The main question for you today is, how do you think a dressing room full of men from any sport of your choosing would react were this lady to walk in looking like this directly after a game?
Would they greet her as though she were just another member of the coaching staff? Or perhaps would they engage in some whooping and maybe even some hollering?
If you're answer is the former then I can only presume that the dressing room full of men you were thinking of is the octogenarian bowls team from the Planet Castratus.
You see this little lady's name is Ines Sainz. She is a sports reporter for a Mexican TV station in the States and she's caused quite a stir on this side of the Atlantic in recent weeks. While awaiting an interview on the sidelines prior to kick-off in a New York Jets football game, Ines grabbed the attention of warming up players who consistently "overthrew" the ball in her direction so they had to run by her in order to retrieve it.
Horrific isn't it? Imagine men in their 20s and 30s - professional athletes no less - acting goofy in order to run past a hot lady in a pair of arse-suffocating pants and a top that provides worse coverage than an umbrella made from nets.
Poor old Ines' nightmare didn't end there however. As is standard practice over here she, along with some other reporters, went into the Jets dressing room after the game and was subjected, nay tortured, to the aforementioned whooping and hollering.
Predictably, a variety of different groups who have self-appointed themselves to the position of spokespersons for all of womankind were up in arms over this. The most vocal amongst these mostly hysterical and radical groups were the Association of Women in Sports Media whose moaning prompted the NFL to conduct sensitivity training with all of its 32 teams. The bill for this training will be footed by the Jets.
Not being accustomed to sports coverage North-American style, the first question that crossed my mind upon hearing this story was, what the hell was she doing in the dressing room afterwards as players got undressed and had showers?
You could argue that TV rights payments have made these players all millionaires but does that mean that they have to lose the right to wash themselves without having the ogling eyes of the press also present? Should they also be allowed follow them home?
I've been informed though that it's standard practice for the media to be allowed a few minutes of coverage inside the dressing room after games. Although I don't understand why they can't just wait until the post-match press conference, as in European sports, if sports fans and players can tolerate it here then so can I.
What I really can't comprehend though, and I'm about to get soap boxy and perhaps a little controversial here, is why they would allow female reporters to carry out this coverage.
Of course it's all in the name of equality and - unlike some people have claimed in arguments regarding this issue - the same standard applies to male reporters going into female locker rooms after major sports events in North America. I can't understand why that is allowed either but in this age of political correctness, common sense is all too often sacrificed in the name of equality.
Again though, if that's how it has been done over here for decades, even though I don't agree with it I can let it slide without getting too rowdy.

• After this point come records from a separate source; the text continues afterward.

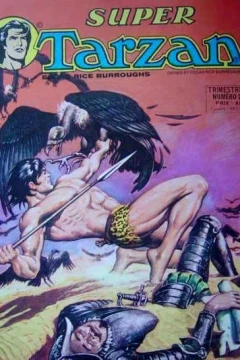 Issue #25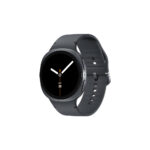 Samsung Galaxy Watch8 40mm BT L320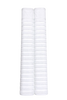 Grip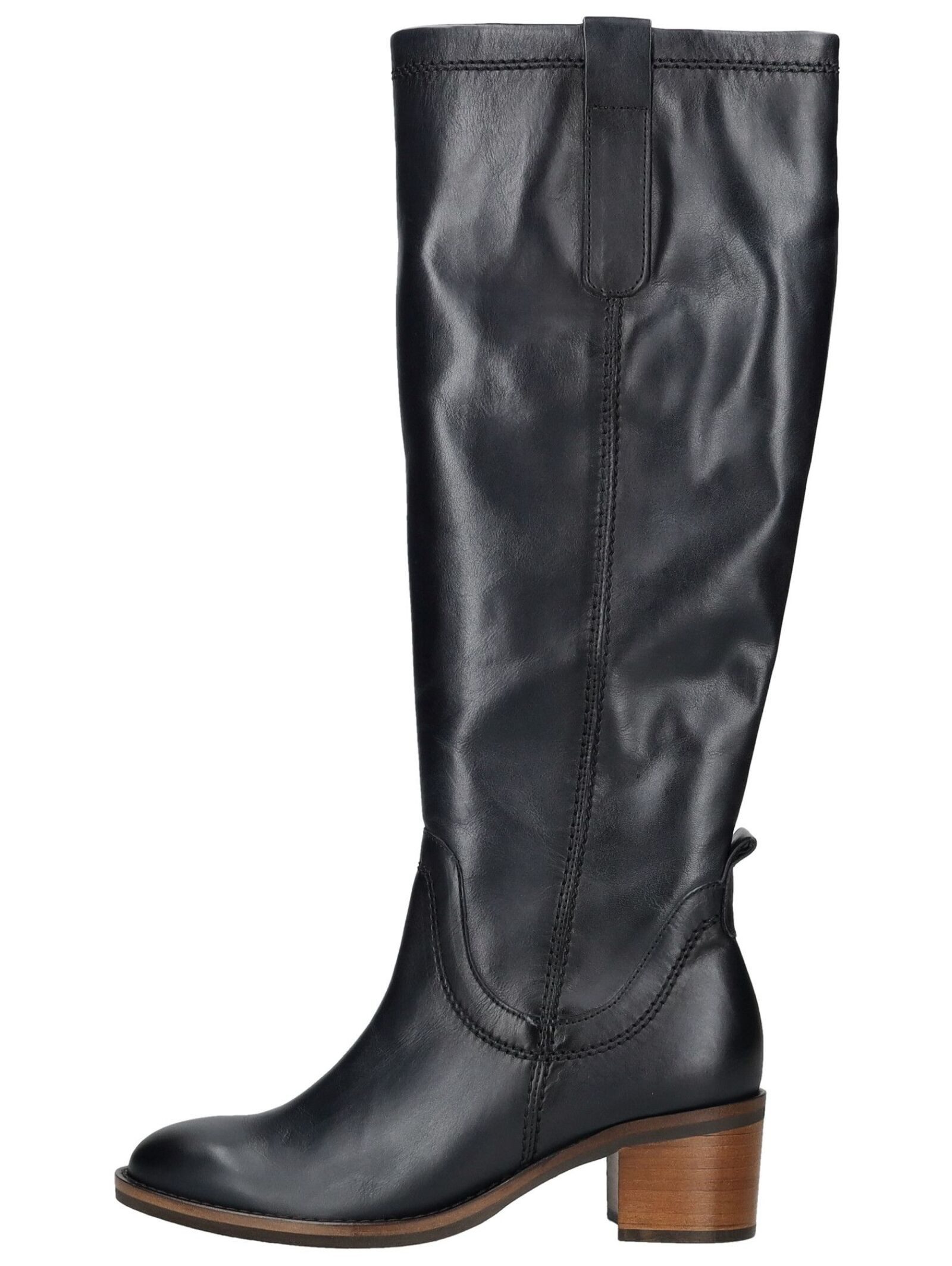 Gabor Gabor Stiefel Leder Stiefel günstig online kaufen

What does get my dander up though is how an apparently professional journalist, yes the one in the skintight jeans and boob-friendly shirt, can walk into a room of young adult men dressed as she was and complain when they react like a room of young adult men. If she is a sports reporter then she should know that the dressing room is a place where a lot of farting, belching, cursing and yes, un-PC chatter about girls takes place. If she can't take it then for the sake of all concerned she should stay away because those kind of activities are as essential an element to many sports as the bloody ball.
Many of the aforementioned womens groups have also claimed that Ms Sainz is suffering for her good looks. Once again they are about as on target as a blind drunk wino taking pot shots at cans on a fence 200 yards away. The "suffering" she endured was as a result of the unprofessional way in which she dressed.

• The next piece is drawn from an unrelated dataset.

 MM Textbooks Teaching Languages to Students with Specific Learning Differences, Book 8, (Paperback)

I've worked as a journalist and never once did I come to the office wearing a tight pair of crotch-hugging trousers, no matter how badly I wanted to, because it would have been deemed unprofessional. If you wear clothes that show off your arse and considerable cleavage then don't be shocked when people react to them. It's akin to a stripper getting indignant for a customer staring at her rack.

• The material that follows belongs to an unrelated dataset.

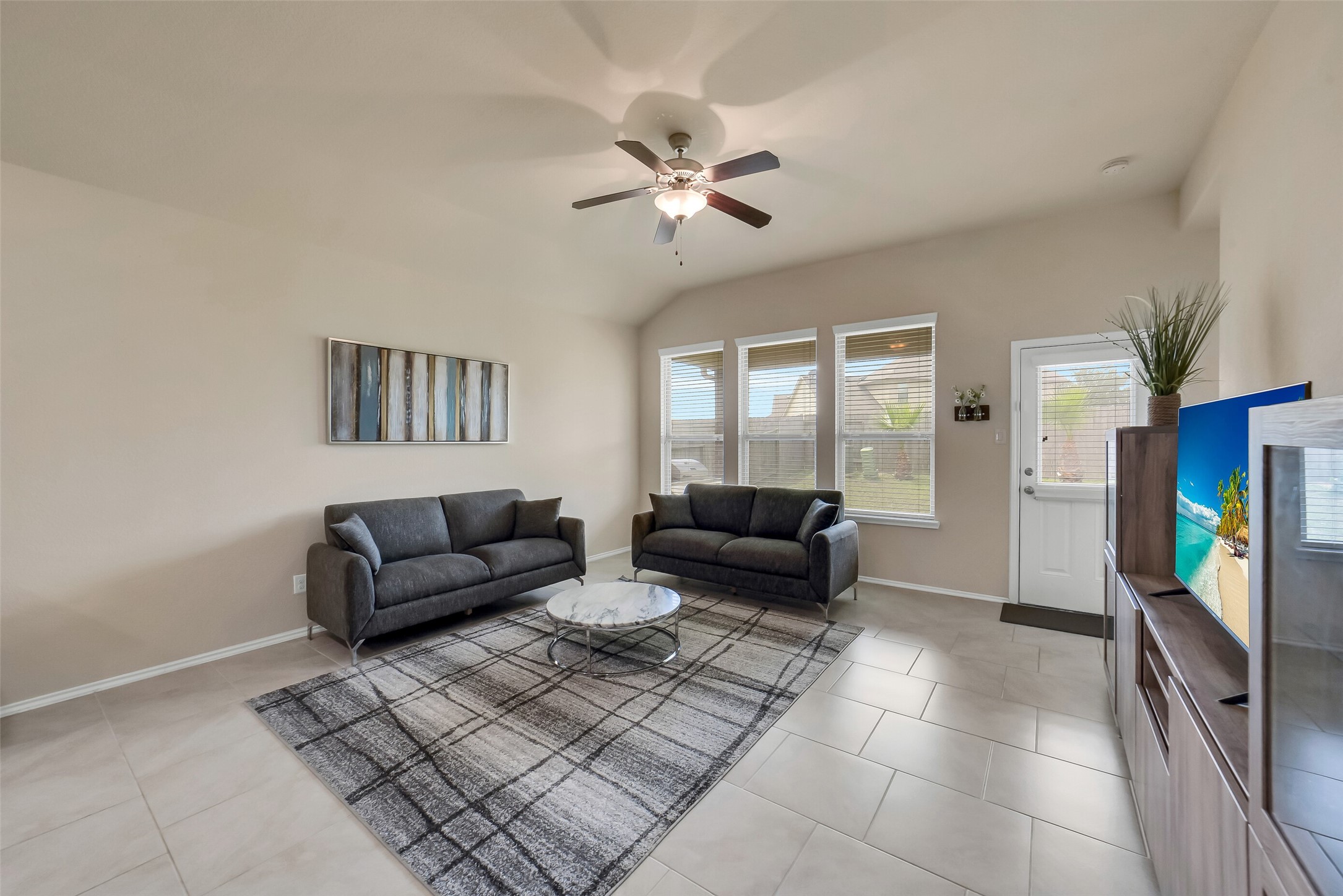 4515 Mondial Road Katy, TX 77493 - Photo 14 of 36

You know the way in the Dail you can't libel yourself regardless of what you say? Well a dressing room - regardless of whether or not it's for professional sports - is a similar kind of haven. For some men, it's the only place where they can actually speak freely without fear of offending the ears of the easily-offended.
If those sensitive souls can't take boys being boys in their last remaining refuge then they shouldn't let the door hit the behind of their skintight jeans on the way out.
1 comment:
You were about to get fired for your "crotch-hugging trousers" before you left of your own accord.. Sorry to burst the bubble... !!! Ha ha!